The accreditation of Russia's drug testing laboratory in Moscow has been suspended by the World Anti-Doping Agency (WADA), it has been announced today.
This is a sign of "immediate action" following the recommendations of the WADA Independent Commission Report published yesterday, which highlighted how the Centre is non-compliant with the the World Anti-Doping Code.
The suspension, which takes effect immediately, prohibits the Centre from carrying out any WADA-related anti-doping activities, including all analyses of urine and blood samples.
It will not be lifted for at least six months, WADA warned.
The Centre now has 21 days to appeal the decision to the Court of Arbitration for Sport.

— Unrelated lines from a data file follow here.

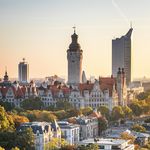Tagung & Konferenz Leipzig Convention: Skyline mit City-Hochhaus und Neuem Rathaus bei Sonnenaufgang im Herbst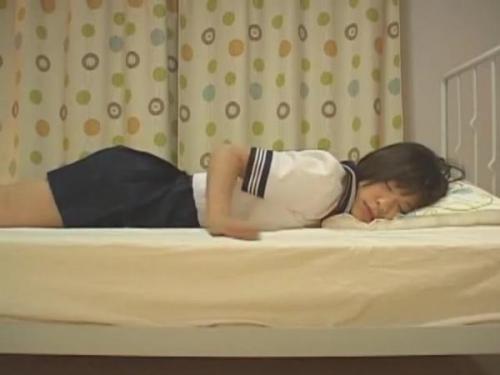 （かすみ果穂）小さな体躯の男性を素肌のまま拘束し、熱く張り詰めた箇所を繊細に愛撫しながら、濃密な口づけの技で心を奪う妖艶な美女の淫靡な戯れ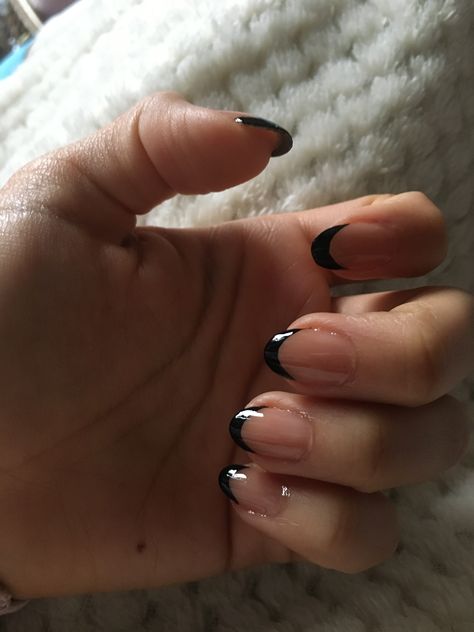 Very Short Almond Nails Black, Short Work Nails Black, Black Border Nails, Black Based Nails, Small Black Nail Design, Natural Nail Black French Tip, Short Nail Ideas Dark, Short Black Square Nails Designs, Clean Black Nails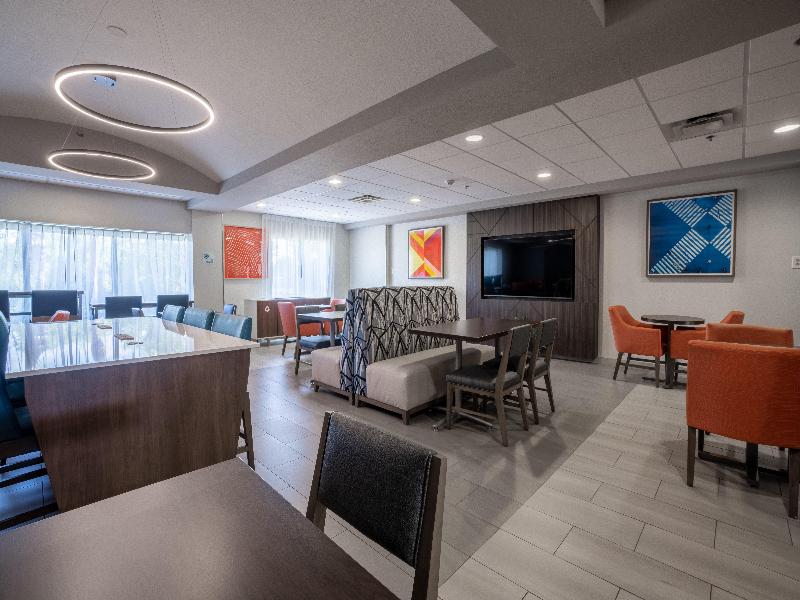 Holiday Inn Express Suites Orange City Deltona IHG image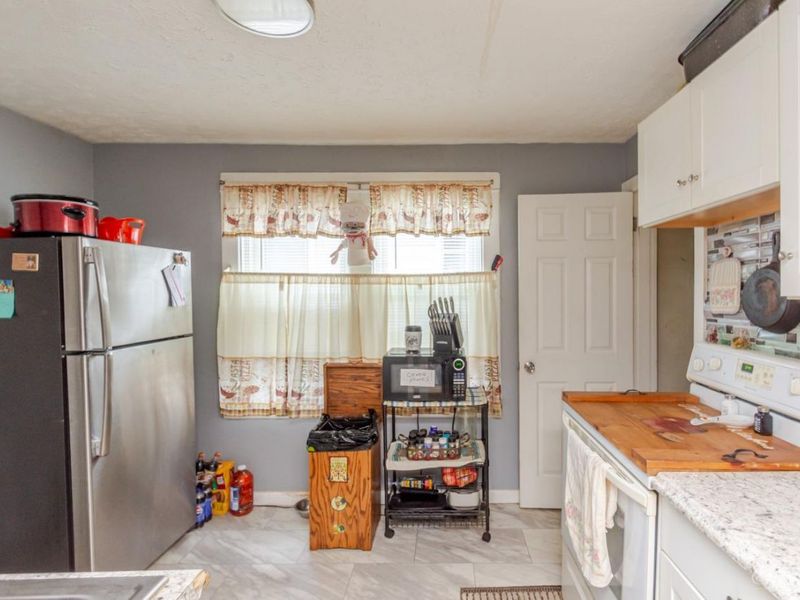 2419 St Charles Avenue, Dayton, OH 45410 Photo 7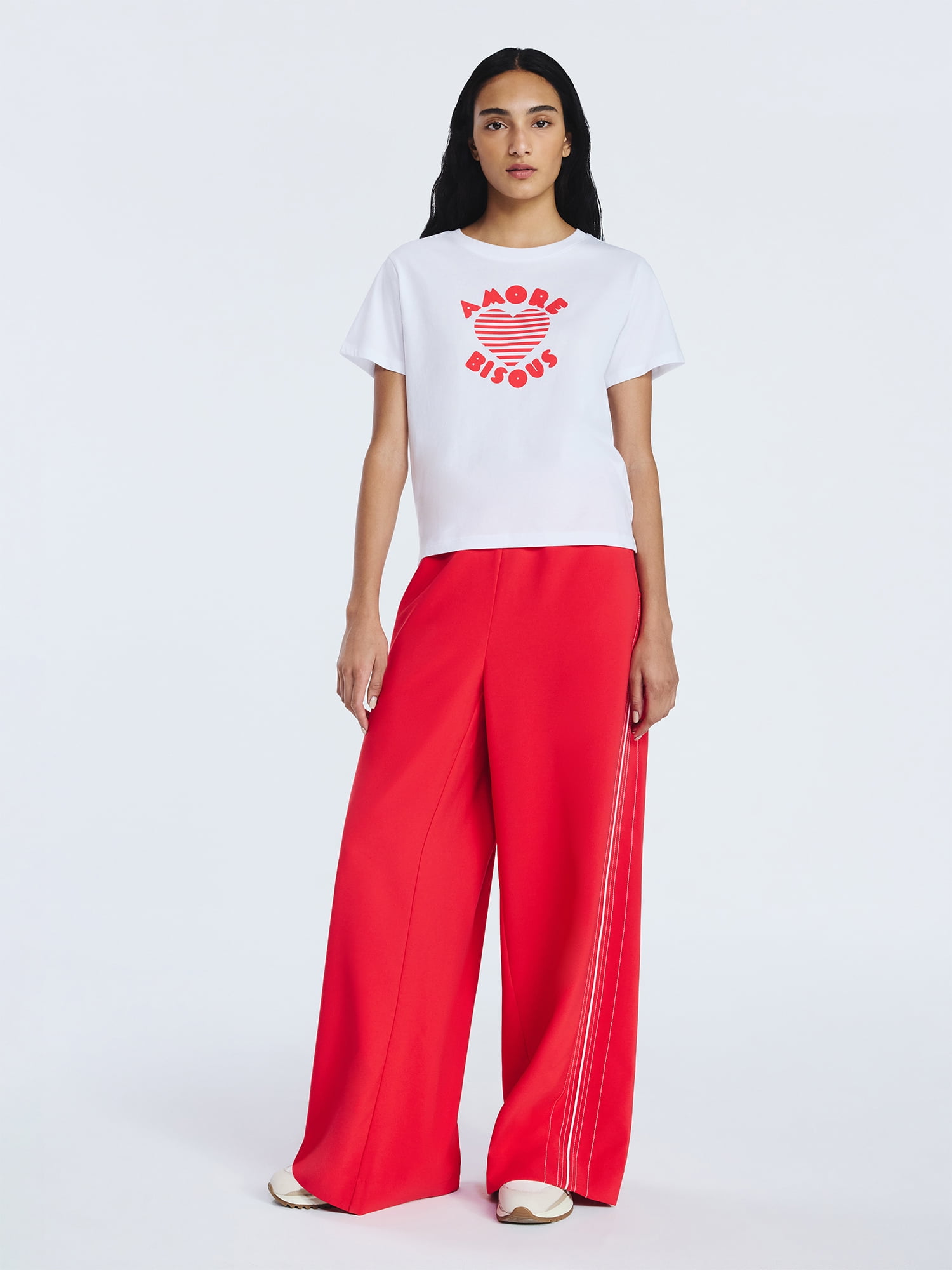 Free Assembly Women's and Women’s Plus Cotton Cropped Boxy Heart Tee with Short Sleeves, Sizes XS-4X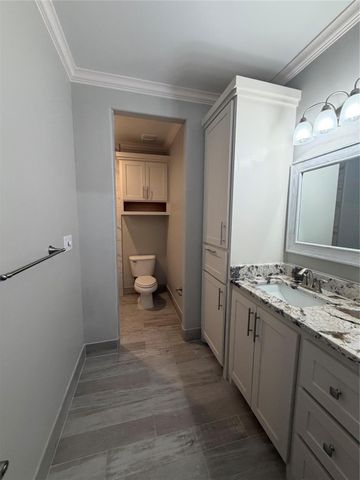 749 Buffalo Trail, Angleton, TX 77515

“WADA has acted swiftly to one of the key recommendations made by the Independent Commission in its Report,” said the body's President Sir Craig Reedie.
"The Moscow Laboratory is provisionally suspended, and the status of the laboratory’s accreditation beyond that will be decided by a Disciplinary Committee which will be formed shortly to review the case.”
In the meantime, all samples for the Moscow Antidoping Centre will now be transported "securely, promptly and with a demonstrable chain of custody to an alternative WADA-accredited laboratory", said a statement.
This Disciplinary Committee will eventually issue a recommendation with respect to the laboratory’s accreditation status if appropriate improvement are made.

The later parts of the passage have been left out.